La consulta

Finalmente, el jueves pasado, corre la noticia. Los teléfonos inician una inquieta sinfonía de whatsapps. Ya hay pregunta y fecha. A mediodía y a primera hora de la tarde, ya aparece en todas las conversaciones. Empieza a generarse la atmósfera de las jornadas que distinguen los momentos históricos de los días normales. Hay una mezcla de inquietud con la de indisimulada euforia. Casi me atrevería a compararla con la de algunos relatos del 14 de abril. Corre la sensación que finaliza una etapa, casi cae un régimen, y llega la hora de topar con los propios sueños.

Es cierto. Los independentistas han crecido exponencialmente a lo largo de la última década. Se trata de unas filas que se han ensanchado a base de desencuentros, pero sobre todo, gracias a las pequeñas y grandes humillaciones cotidianas; a la basura de las tertulias de diferentes cadenas, a los comentarios de descerebrados hooligans; a los silencios de los españoles cultos e inteligentes, muchos más de los que parecen; a los desprecios y arrogancia de los dirigentes políticos, líderes culturales, intelectuales de provecho. Pero, sobre todo, a partir de esa extraña sensación de incapacidad psicológica del otro lado para reconocerte como sujeto político, a tratarte como algo tan simple y obvio como una nación, y por los excesos del lenguaje orwelliano de izquierda y derecha según el cual, “votar” representa un sacrilegio democrático.
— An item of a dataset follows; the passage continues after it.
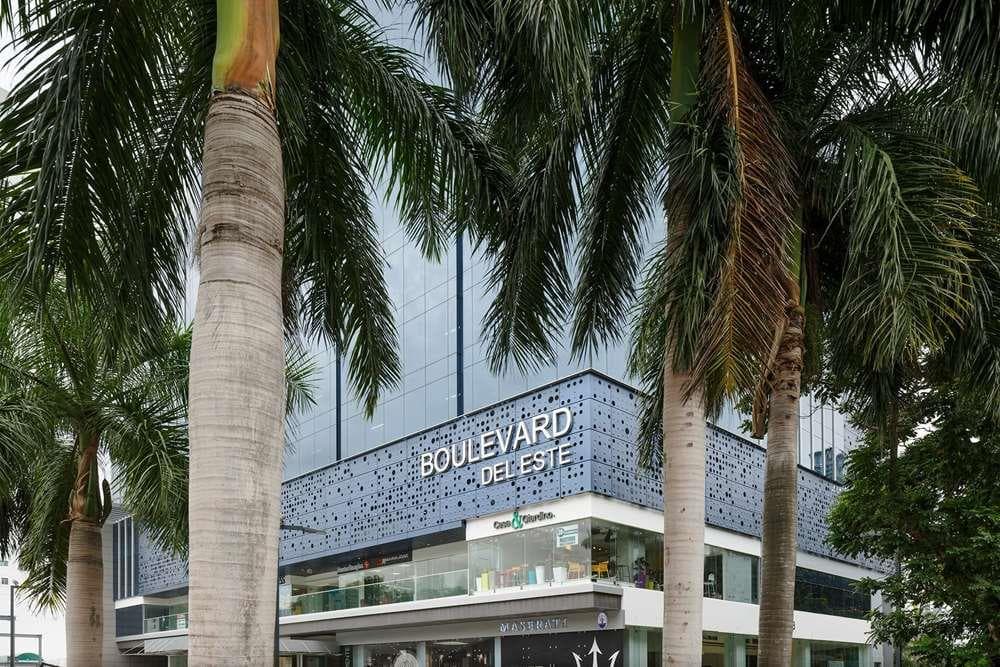 Local Comercial de 190.5 mts2, en Costa del Este, sobre vía Centenario - 1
Muchos de quienes hoy cuelgan una “estelada” en su balcón, jamás hubieran imaginado que se contabilizarían entre los independentistas. Incluso algunos podrían sentirse relativamente cómodos en el orden anterior. Es posible que la mayoría fueran independentistas en su subconsciente, y que por un mecanismo psicológico -una ofensa, un desprecio, un “venga aquí a firmar contra Cataluña”, un “Cataluña es de España”, acabaran saliendo de un armario soberanista. Otros, en cambio, fueron convirtiéndose poco a poco, especialmente al darse cuenta que la españolidad se había convertido en un monopolio del franquismo más rancio, del unitarismo más irracional, del tono burlesco de Aznar cuando pronunciaba la palabra de “plurinacionalidad”. Varios españoles se hartaron de que en España, y especialmente en su pueblo, mandaran los mismos caciques de siempre que utilizaban la bandera (en este caso la rojigualda) para esconder las miles de fosas comunes, donde no solamente estaban sepultados los cuerpos de los republicanos, sino las esperanzas de quien no tiene un apellido como Aguirre Gil de Biedma.

También es verdad que, desde el jueves hasta hoy, hay mucha gente con bastante inquietud. No únicamente por alguna sombra del miedo sobre lo que pueda suceder aquí, sino una cierta desolación entre quienes querrían continuar en una situación como la actual. No, no es lo que piensan. Nadie tiene ningún miedo respecto a lo que pueda pasar a nivel interno. De hecho, en familia, entre compañeros de trabajo, entre vecinos, se habla de este tema sin crispación y se intercambian palabras con fluidez. Lo que detecto es la desolación de quienes no disponen de argumentos para avalar la actitud de cerrazón de gobierno y oposición. Que hablen de leyes en tono de amenaza; que consideren votar como un anatema, que impidan, que no haya nadie al otro lado, que el desprecio y la obstinación al no reconocimiento como nación persista. Como si la ciudadanía fuera gilipollas.

Pasados unos días, la gente es consciente de las dificultades, pero también que no hay vuelta a atrás. Que por muchos muros que impongan, la gente los saltará. Que existe organización y un cierto entusiasmo (aunque no sin escepticismo). y que España tiene un terrible dilema. Deberá escoger entre unidad y democracia. En 1917, en 1923, en 1936 escogieron lo primero, con terribles consecuencias para todos los españoles. Esta vez, para poder ser un país normal, capaz de sobreponerse a la adversidad, capaz de regenerarse, no le queda otra opción que escoger democracia. Aunque ello le haga empequeñecer el mapa.